| Records for the exercise |

>>

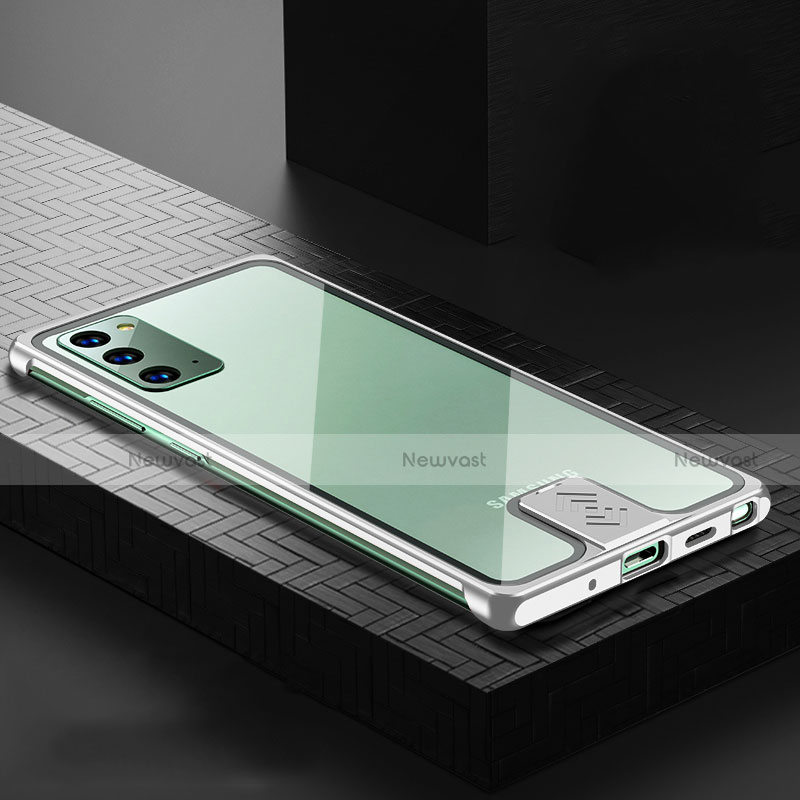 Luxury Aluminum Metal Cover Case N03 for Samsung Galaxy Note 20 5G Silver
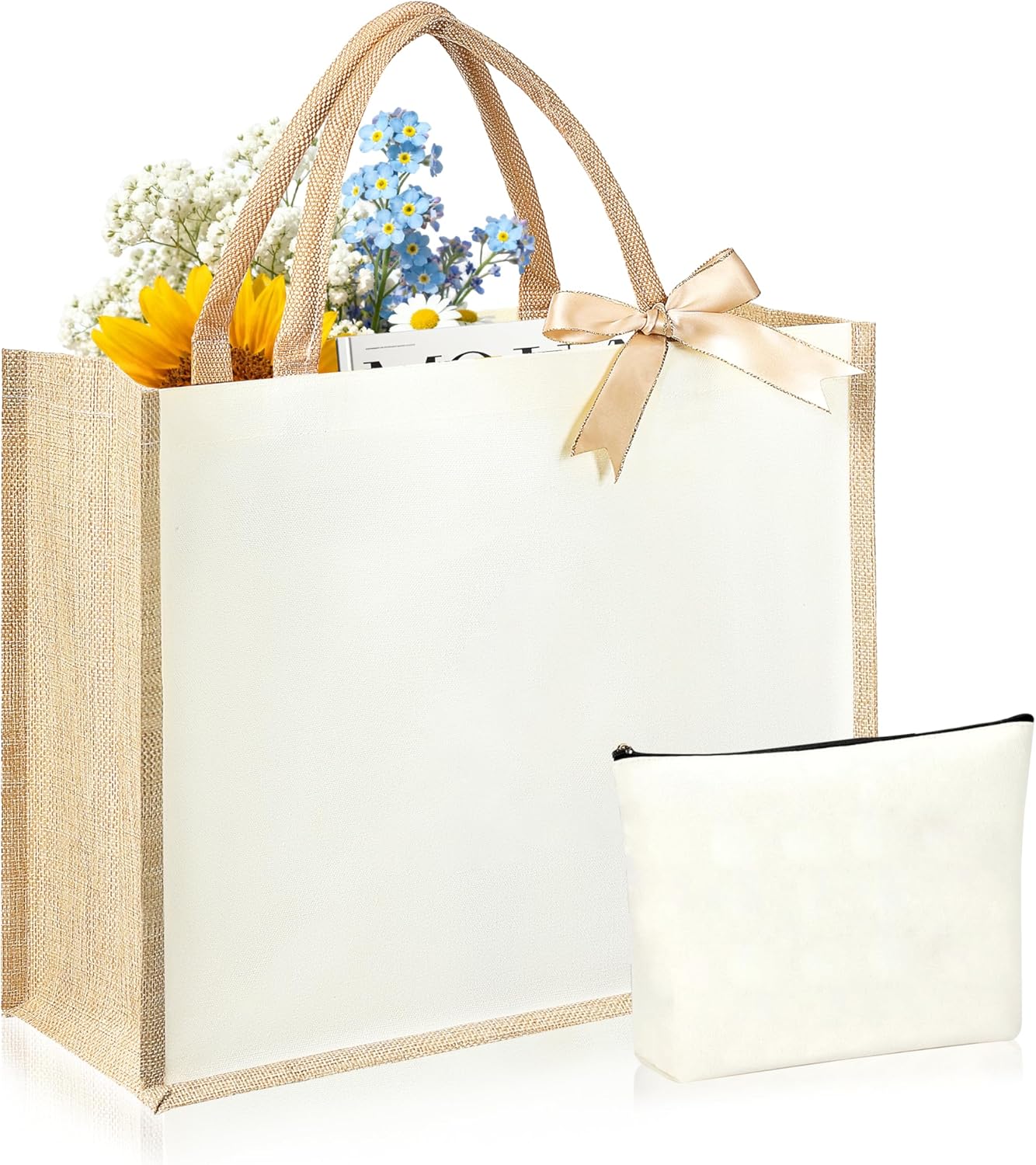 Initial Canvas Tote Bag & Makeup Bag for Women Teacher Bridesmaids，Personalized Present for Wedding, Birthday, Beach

<<
>>

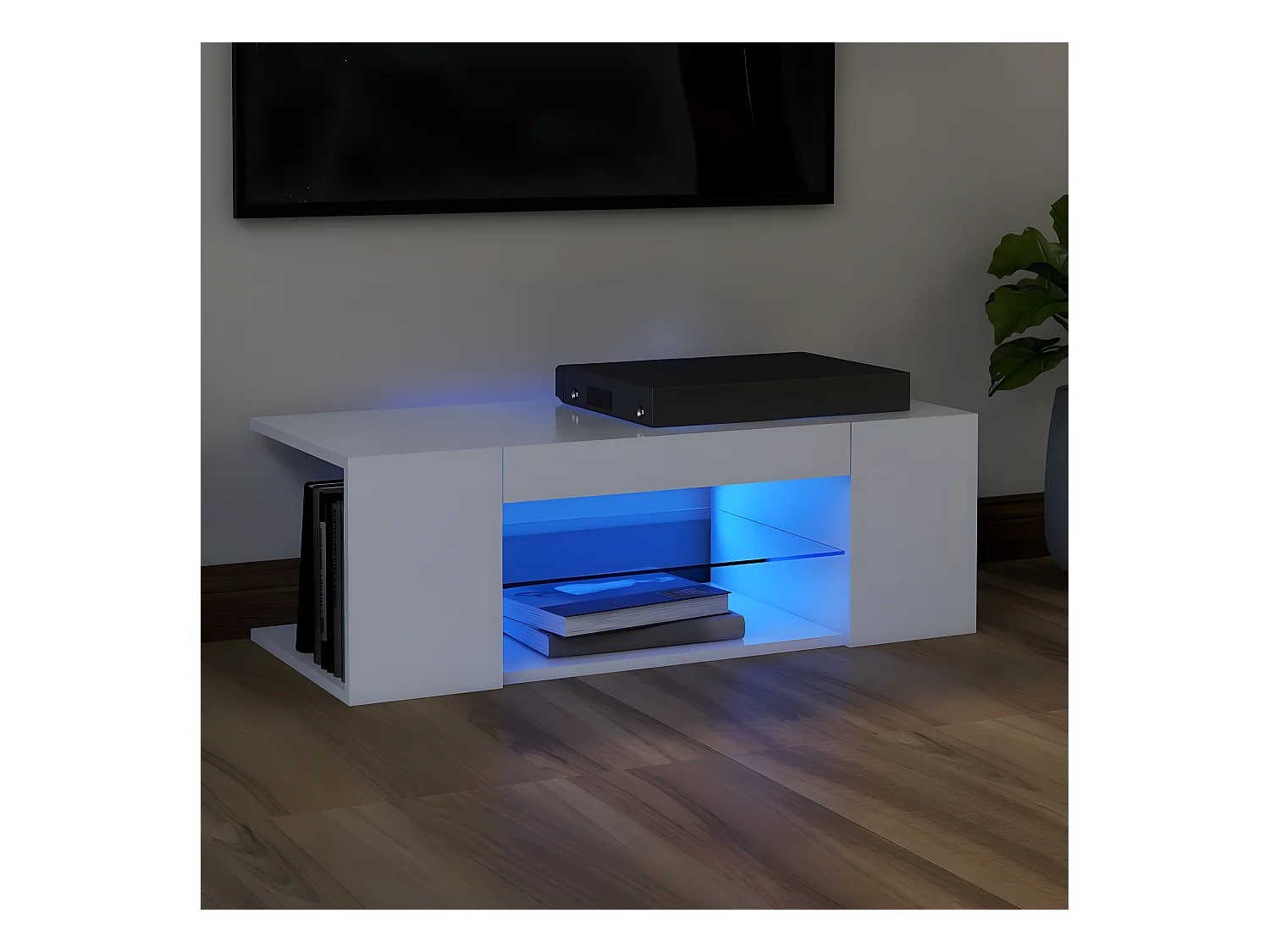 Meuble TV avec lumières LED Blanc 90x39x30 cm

<<

| Task requirements |
In the data above, start at the line holding "Luxury Aluminum Metal" and stop after the line holding "Initial Canvas Tote"; write out those lines exactly, without pictures.

| Exercise answer |
 Luxury Aluminum Metal Cover Case N03 for Samsung Galaxy Note 20 5G Silver
 Initial Canvas Tote Bag & Makeup Bag for Women Teacher Bridesmaids，Personalized Present for Wedding, Birthday, Beach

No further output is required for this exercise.